DATA SHOWN Block Start

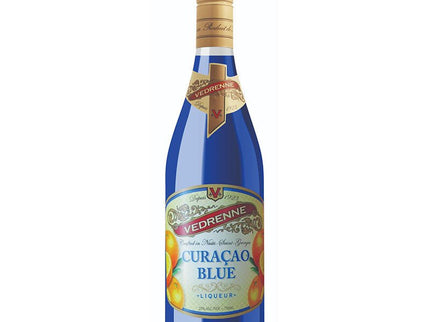 Vedrenne Curacao Blue Liqueur 750ml - Uptown Spirits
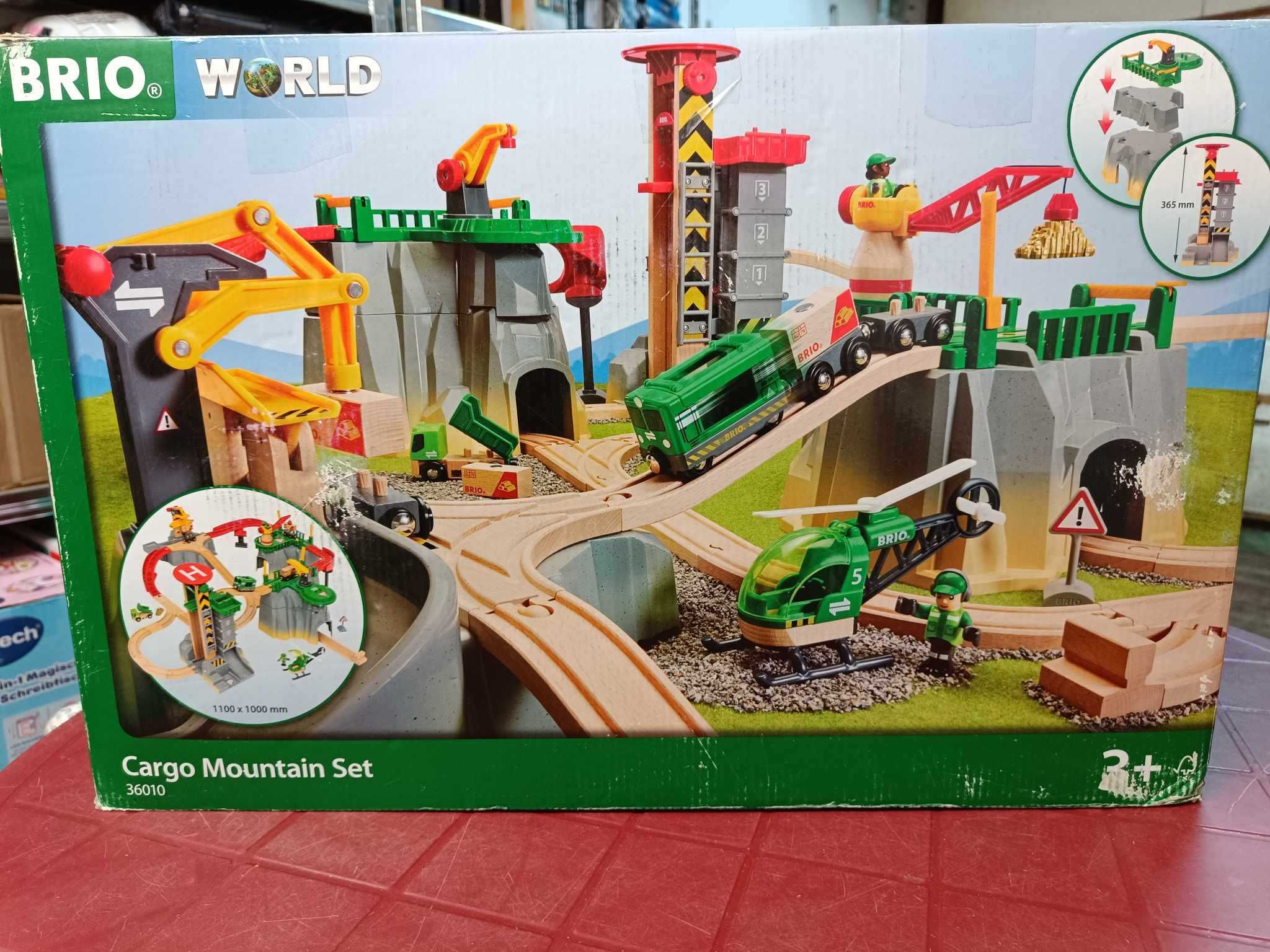 BRIO World 36010 przeładunkowy zestaw górski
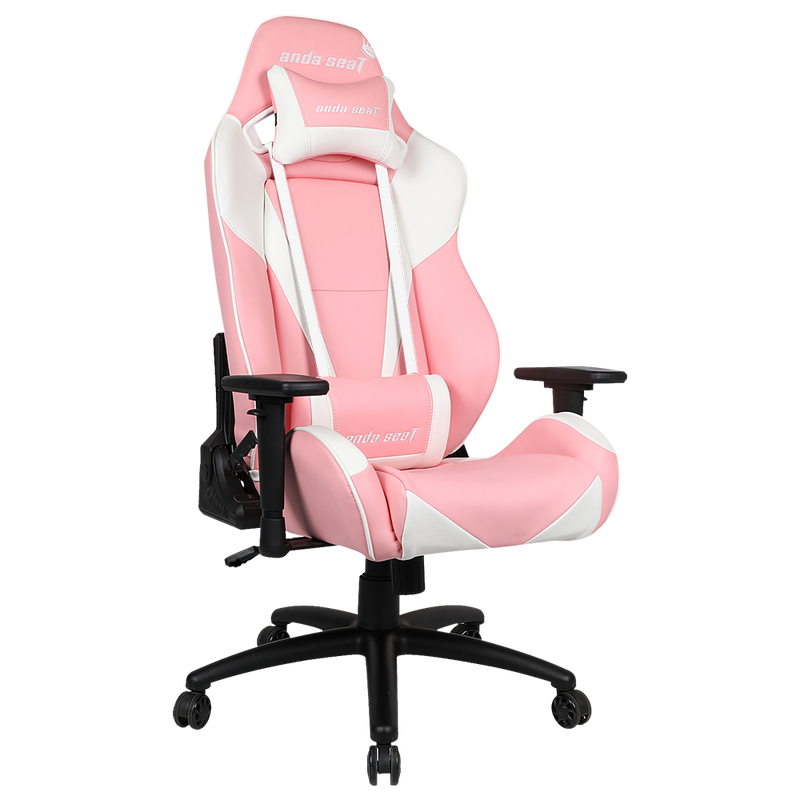 Anda Seat Pretty In Pink Series AD7-02-PW-PV 人體工學電競椅 (代理直送)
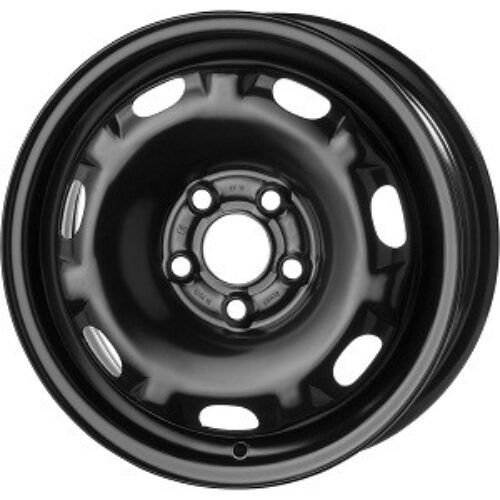 Cerchio in Lega MAK ACCIAIO 5X14 5X100 ET 38 CB 57,00 MATT BLACK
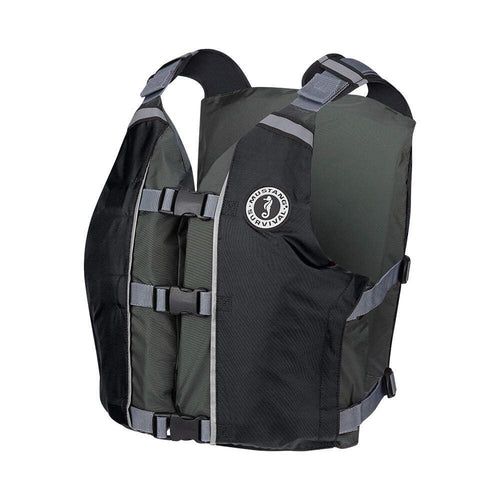 APF Foam Mustang Survival PFD (Gaia Foam) (Black-Gray)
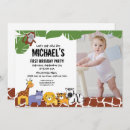 Pesquisar por animal themed party convites Selva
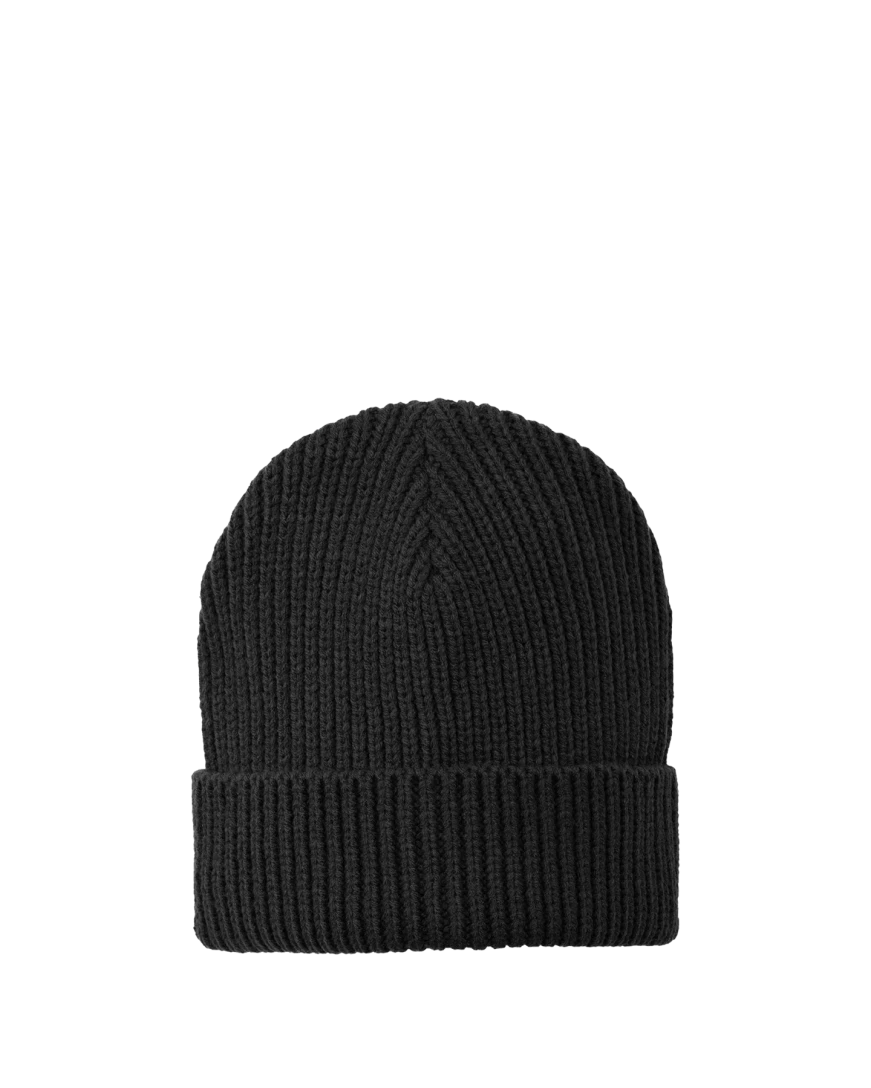 Model wearing a C908 Port Authority Watch Cap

DATA SHOWN Block End

TASK BRIEF:
In the records above, the lines from the one containing "Cerchio in Lega" through the last line are to be written out exactly, both ends included and pictures omitted.

SOLUTION TO THE EXERCISE:
 Cerchio in Lega MAK ACCIAIO 5X14 5X100 ET 38 CB 57,00 MATT BLACK
 APF Foam Mustang Survival PFD (Gaia Foam) (Black-Gray)
 Pesquisar por animal themed party convites Selva
 Model wearing a C908 Port Authority Watch Cap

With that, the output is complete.